Increased cell death is evident in high secretors

Growth rates, as determined by the rate of increase in cell density (OD600), were compared between high, mid and low secretors, but no significant variation was observed in either a glycerol-based or in the initial adaptation to a methanol-based medium over 8 h (Supplementary Fig. S2). However, as OD600 measurements do not differentiate between increased cell size and increased cell numbers nor the proportion of live cells, a live/dead cell flow cytometric assay was performed, analysing the viability of cells after growth in a glycerol-based medium (Supplementary Fig. S3) and a methanol-based medium (Fig. 2). Based on staining with both SYTO9® and PI, there was no correlation between HSA titer and the proportion of live/dead cells with cells grown on glycerol medium, with both the low and high secretors showing a similar proportion of dead cells (Supplementary Fig. S3). However, CV2(H) was anomalous in this regard, showing a higher proportion of dead cells than any of the other strains, including wild-type.

Fig. 2
figure 2

FACS analysis of clonal variants grown for 24 h in methanol-containing medium. FL1-H: SYTO9® a green fluorescent nucleic acid stain indicating live cells, FL2-A: propidium iodide a red fluorescent stain indicating dead cells with a damaged membrane. BG background noise. Quadrant displays proportion of live/dead cells and background noise

When grown with methanol as the sole carbon source, the high secretors showed an increased proportion of dead cells compared to the other strains, with the exception of CV7(L), which as discussed above, may be under some form of translational stress. CV23(H) exhibited a near 1:1 ratio of live/dead cells. When grown on methanol the proportion of dead cells in the wild-type was lower than any of the other strains, similar to levels initially seen when grown on glycerol, highlighting the effects of the additional burden that protein secretion has on the cells. The absence of any major UPR upregulation suggests that the greater proportion of cell death in the high secretors resulted from a different stress, possibly reflecting the biosynthetic demand of higher levels of protein production. Interestingly, in a cell size comparison by flow cytometry, CV5(L), CV7(L) and CV14(L) were shown to have the largest cells (data not shown).

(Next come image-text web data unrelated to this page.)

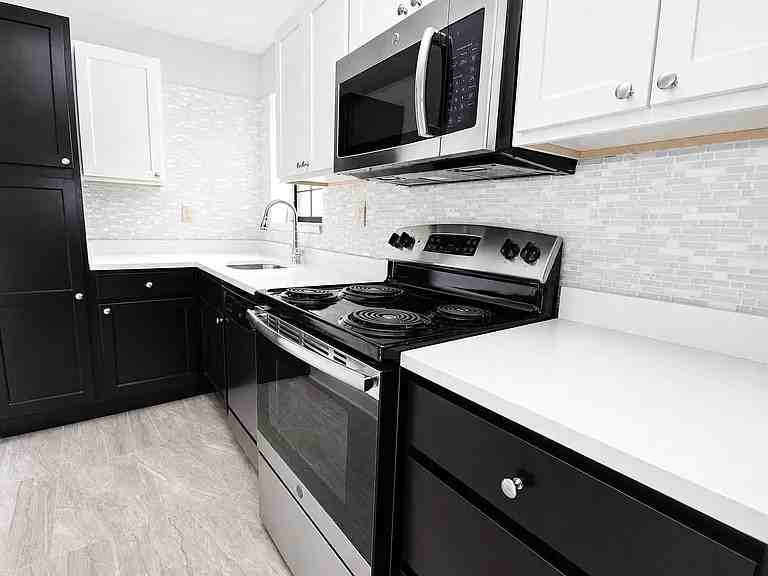 6201 FIFTH AVENUEAPT A-3 #A03 - Photo 3 of 9
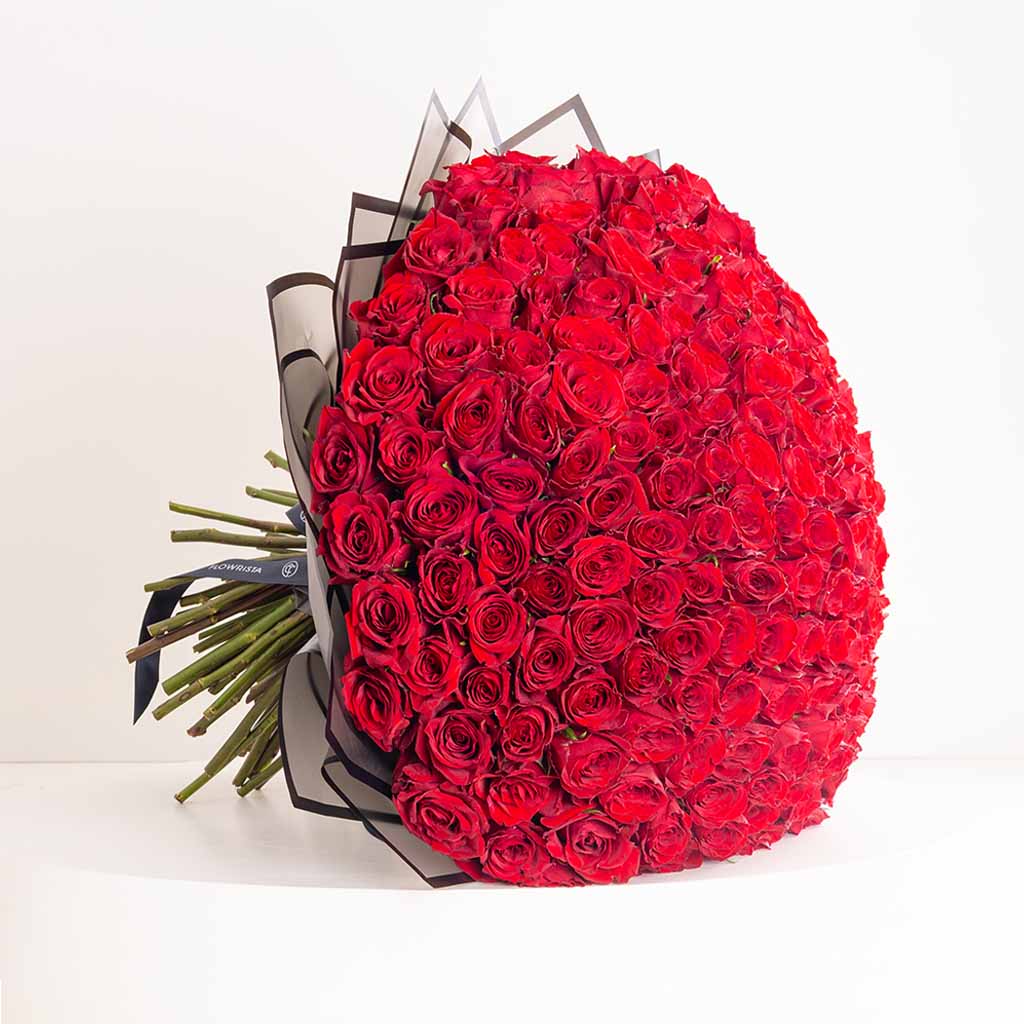 Flowrista Online Flowers Shop بوكيه ١٥٠ وردة حمراء فاخر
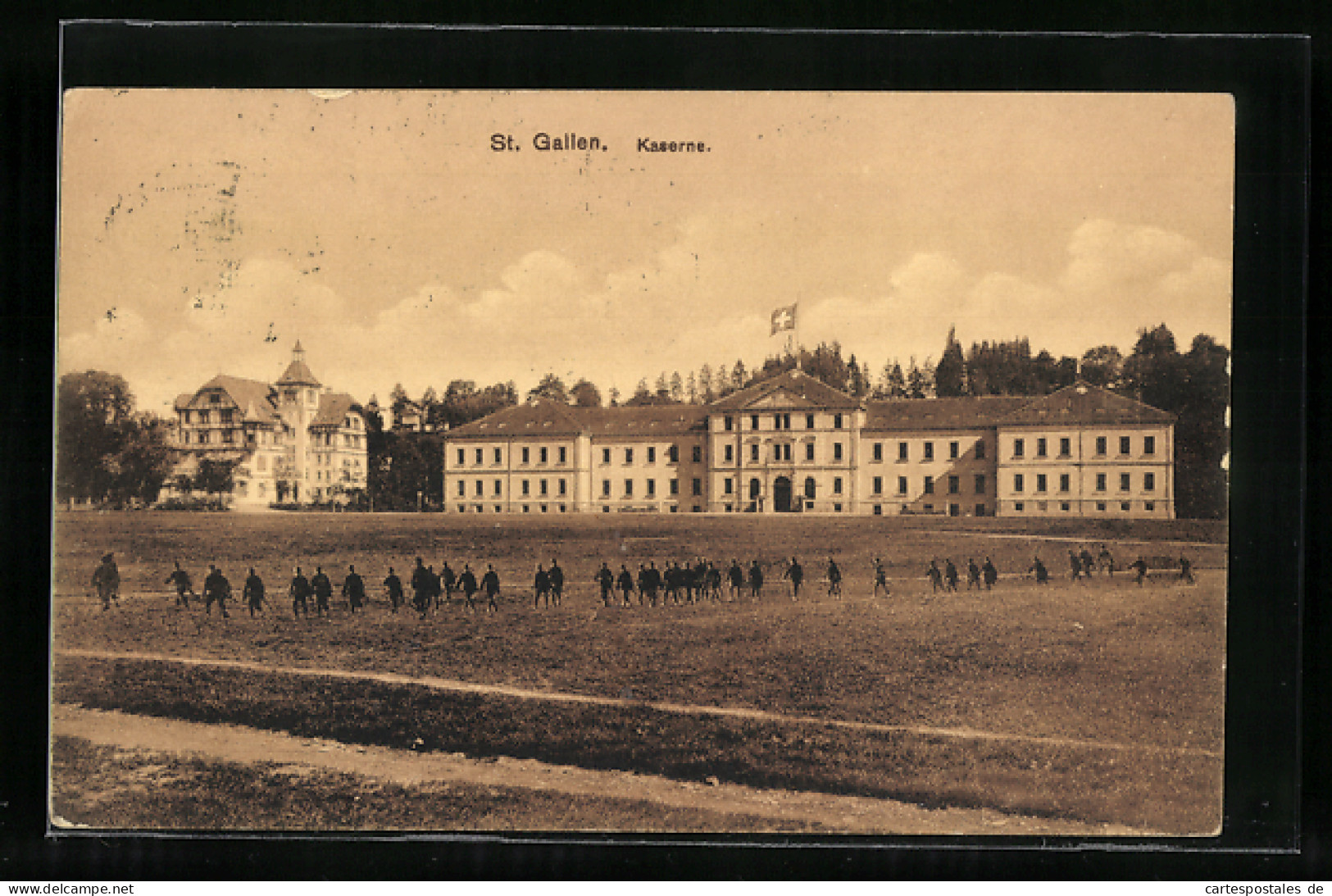 AK St. Gallen, Kaserne, Gesamtansicht Mit Soldatengruppe  - San Galo
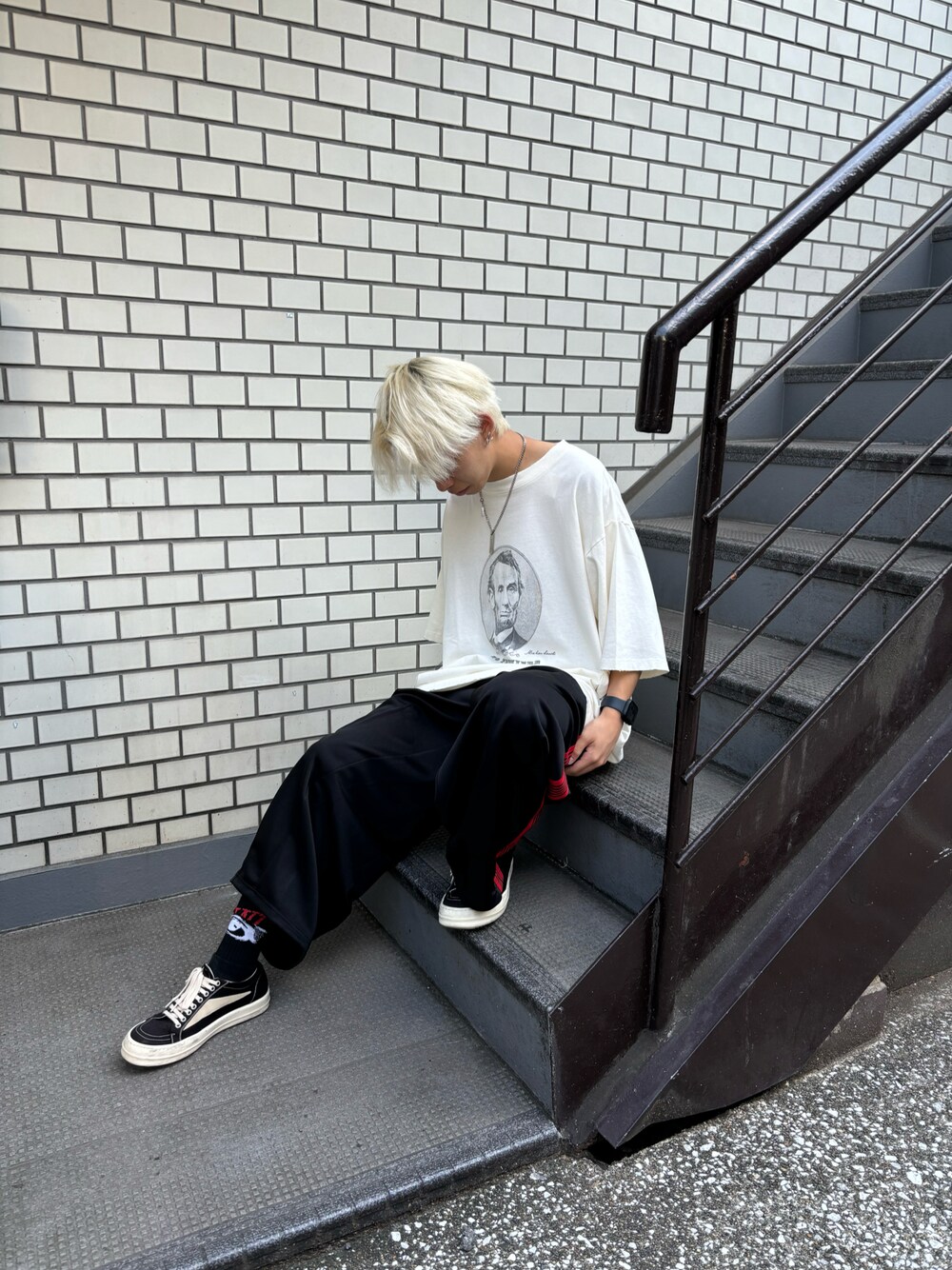 ホワイト系のTシャツ/カットソー、ブラック系のパンツを着用したメンズの夏コーディネートの1枚目の写真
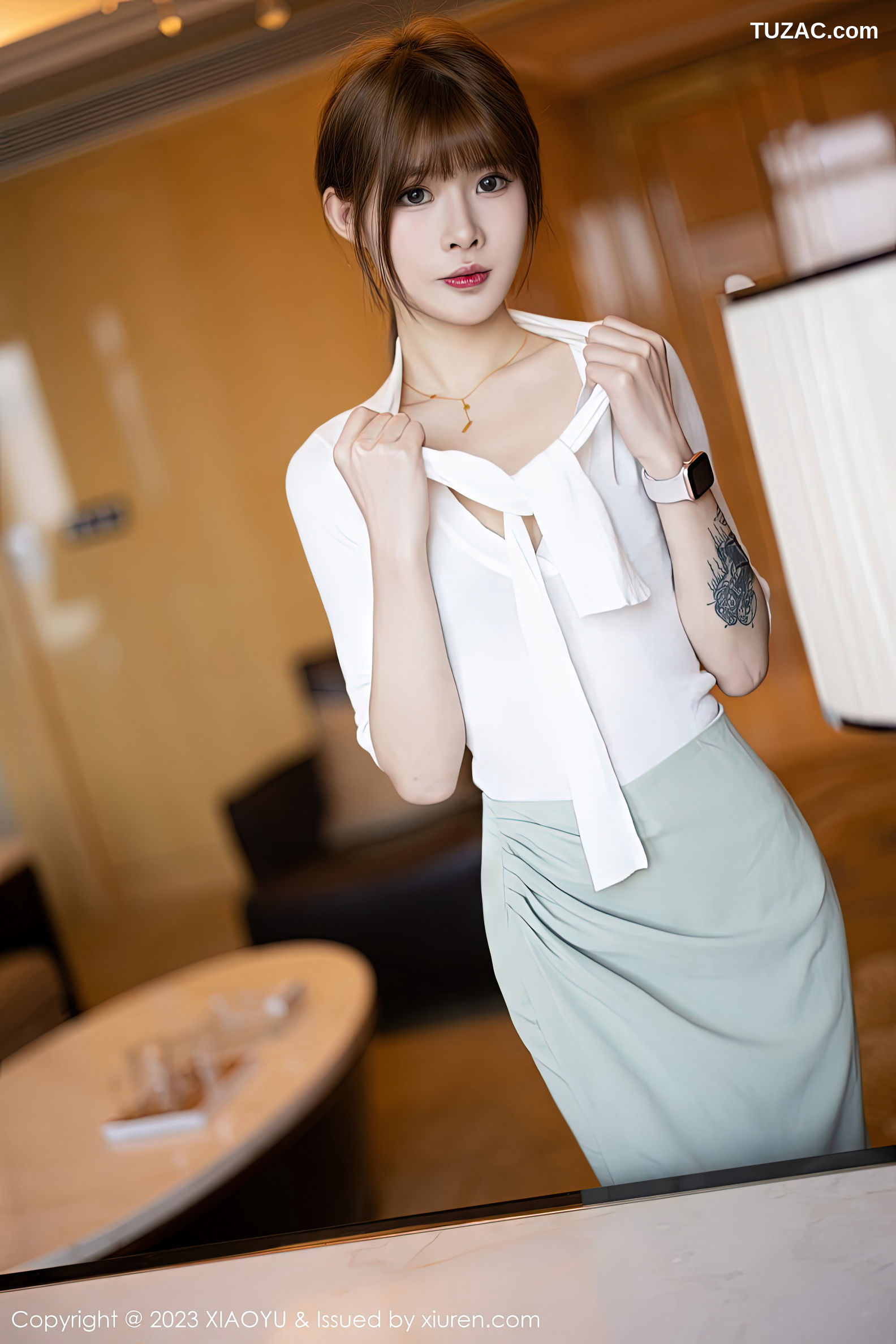 XiaoYu语画界-939-77qiqi-白色上衣蓝短裙浅色内衣肉丝-2023.01.04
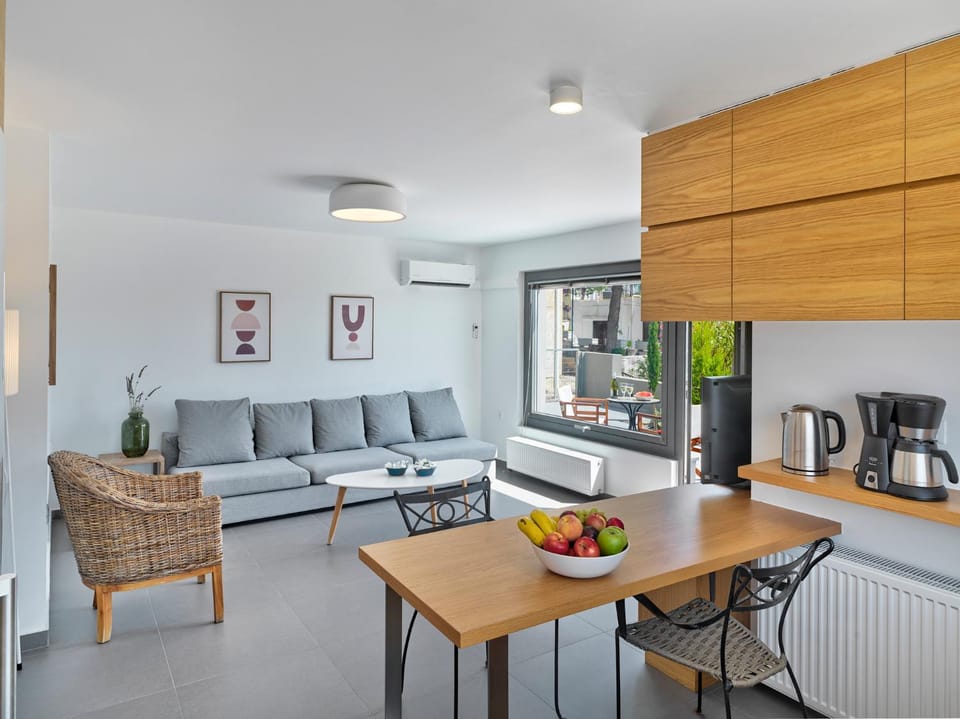 Kitchen or kitchenette, Living room, Dining area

Transcriptomic analysis reveals limited correlation between titer and gene expression

In order to further understand the nature of the variation between the strains, transcriptomic analysis was carried out on the nine strains. Strains were grown, in triplicate, for 24 h in glycerol medium, before being induced in methanol medium for 24 h to allow for significant protein production. Variations in expression compared to wild-type with a false discovery rate (fdr) ≤ 0.05 were used to identify differentially expressed genes (Supplementary Fig. S4).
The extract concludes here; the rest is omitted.